## Examples for PySpark UDFs
Ref : https://changhsinlee.com/pyspark-udf/

In [1]:
# Connect to Spark by creating a Spark session
from pyspark.sql import SparkSession

spark = SparkSession\
    .builder\
    .appName("PySparkUDF")\
    .getOrCreate()

In [2]:
import pandas as pd
from pyspark.sql.functions import udf

In [3]:
# example data
df_pd = pd.DataFrame(
    data={'integers': [1, 2, 3], 
     'floats': [-1.0, 0.5, 2.7],
     'integer_arrays': [[1, 2], [3, 4, 5], [6, 7, 8, 9]]}
)

In [4]:
df_pd

Unnamed: 0,floats,integer_arrays,integers
0,-1.0,"[1, 2]",1
1,0.5,"[3, 4, 5]",2
2,2.7,"[6, 7, 8, 9]",3


In [5]:
df = spark.createDataFrame(df_pd)

In [6]:
df.printSchema()

root
 |-- floats: double (nullable = true)
 |-- integer_arrays: array (nullable = true)
 |    |-- element: long (containsNull = true)
 |-- integers: long (nullable = true)



In [7]:
df.show()

+------+--------------+--------+
|floats|integer_arrays|integers|
+------+--------------+--------+
|  -1.0|        [1, 2]|       1|
|   0.5|     [3, 4, 5]|       2|
|   2.7|  [6, 7, 8, 9]|       3|
+------+--------------+--------+



## Turn python function into a Spark function

### For numeric types

In [8]:
def square(x):
    return  x**2

In Python, this function can be used for both integer and float

In [9]:
square(5)

25

In [10]:
square(3.0)

9.0

In [11]:
# Integer type output
from pyspark.sql.types import IntegerType
square_udf_int = udf(lambda z: square(z), IntegerType())

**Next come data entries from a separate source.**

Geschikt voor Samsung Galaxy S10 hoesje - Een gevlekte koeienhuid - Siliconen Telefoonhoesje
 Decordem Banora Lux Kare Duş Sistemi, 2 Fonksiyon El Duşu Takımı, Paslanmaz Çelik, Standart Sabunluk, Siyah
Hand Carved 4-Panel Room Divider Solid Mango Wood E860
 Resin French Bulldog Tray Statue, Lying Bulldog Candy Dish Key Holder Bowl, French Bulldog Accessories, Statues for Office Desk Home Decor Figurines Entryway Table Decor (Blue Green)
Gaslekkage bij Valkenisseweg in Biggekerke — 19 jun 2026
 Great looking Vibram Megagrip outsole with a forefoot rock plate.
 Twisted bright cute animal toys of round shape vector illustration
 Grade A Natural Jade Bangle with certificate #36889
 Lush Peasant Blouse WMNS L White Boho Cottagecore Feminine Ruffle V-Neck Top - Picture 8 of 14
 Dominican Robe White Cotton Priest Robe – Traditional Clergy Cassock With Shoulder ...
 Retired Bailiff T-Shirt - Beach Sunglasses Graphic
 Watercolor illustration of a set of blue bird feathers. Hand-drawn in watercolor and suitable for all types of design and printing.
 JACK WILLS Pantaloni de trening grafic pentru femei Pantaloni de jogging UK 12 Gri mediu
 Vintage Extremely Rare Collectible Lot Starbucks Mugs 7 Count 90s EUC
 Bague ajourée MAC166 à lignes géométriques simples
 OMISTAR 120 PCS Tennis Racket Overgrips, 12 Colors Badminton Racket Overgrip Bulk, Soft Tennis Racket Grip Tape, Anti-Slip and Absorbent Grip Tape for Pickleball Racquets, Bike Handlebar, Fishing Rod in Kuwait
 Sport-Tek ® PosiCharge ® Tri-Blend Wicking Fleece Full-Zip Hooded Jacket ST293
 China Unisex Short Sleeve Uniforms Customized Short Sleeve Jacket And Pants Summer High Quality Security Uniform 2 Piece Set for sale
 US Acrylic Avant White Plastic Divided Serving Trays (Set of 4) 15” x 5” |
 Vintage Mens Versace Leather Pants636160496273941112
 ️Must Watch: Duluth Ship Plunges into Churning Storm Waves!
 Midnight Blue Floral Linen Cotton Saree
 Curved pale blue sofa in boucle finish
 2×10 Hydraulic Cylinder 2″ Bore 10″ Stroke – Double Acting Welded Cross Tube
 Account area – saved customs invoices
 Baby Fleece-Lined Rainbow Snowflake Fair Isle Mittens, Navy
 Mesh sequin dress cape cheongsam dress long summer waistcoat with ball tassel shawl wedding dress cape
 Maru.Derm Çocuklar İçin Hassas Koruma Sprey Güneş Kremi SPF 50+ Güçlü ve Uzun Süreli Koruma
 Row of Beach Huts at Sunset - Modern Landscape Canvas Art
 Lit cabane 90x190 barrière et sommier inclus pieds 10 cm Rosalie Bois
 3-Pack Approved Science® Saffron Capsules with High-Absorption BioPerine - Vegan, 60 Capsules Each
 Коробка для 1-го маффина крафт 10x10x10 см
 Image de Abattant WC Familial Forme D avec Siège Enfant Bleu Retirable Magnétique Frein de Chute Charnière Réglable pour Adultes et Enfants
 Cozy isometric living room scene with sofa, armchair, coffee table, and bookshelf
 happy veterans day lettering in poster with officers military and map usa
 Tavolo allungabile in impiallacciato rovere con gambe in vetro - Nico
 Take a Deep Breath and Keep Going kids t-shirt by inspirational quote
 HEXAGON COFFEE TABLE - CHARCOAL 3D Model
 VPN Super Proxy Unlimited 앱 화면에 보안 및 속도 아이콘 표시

Spark UDF will return a column of NULLs if the input data type doesn’t match the output data type

In [12]:
df.select('integers', 
              'floats', 
              square_udf_int('integers').alias('int_squared'), 
              square_udf_int('floats').alias('float_squared')).show()

+--------+------+-----------+-------------+
|integers|floats|int_squared|float_squared|
+--------+------+-----------+-------------+
|       1|  -1.0|          1|         null|
|       2|   0.5|          4|         null|
|       3|   2.7|          9|         null|
+--------+------+-----------+-------------+



In [13]:
# float type output
from pyspark.sql.types import FloatType
square_udf_float = udf(lambda z: square(z), FloatType())

In [14]:
df.select('integers', 
              'floats', 
              square_udf_float('integers').alias('int_squared'), 
              square_udf_float('floats').alias('float_squared')) .show()

+--------+------+-----------+-------------+
|integers|floats|int_squared|float_squared|
+--------+------+-----------+-------------+
|       1|  -1.0|       null|          1.0|
|       2|   0.5|       null|         0.25|
|       3|   2.7|       null|         7.29|
+--------+------+-----------+-------------+



In [15]:
# Force the output to be float
def square_float(x):
    return float(x**2)
square_udf_float2 = udf(lambda z: square_float(z), FloatType())

In [16]:
df.select('integers', 
              'floats', 
              square_udf_float2('integers').alias('int_squared'), 
              square_udf_float2('floats').alias('float_squared')) .show()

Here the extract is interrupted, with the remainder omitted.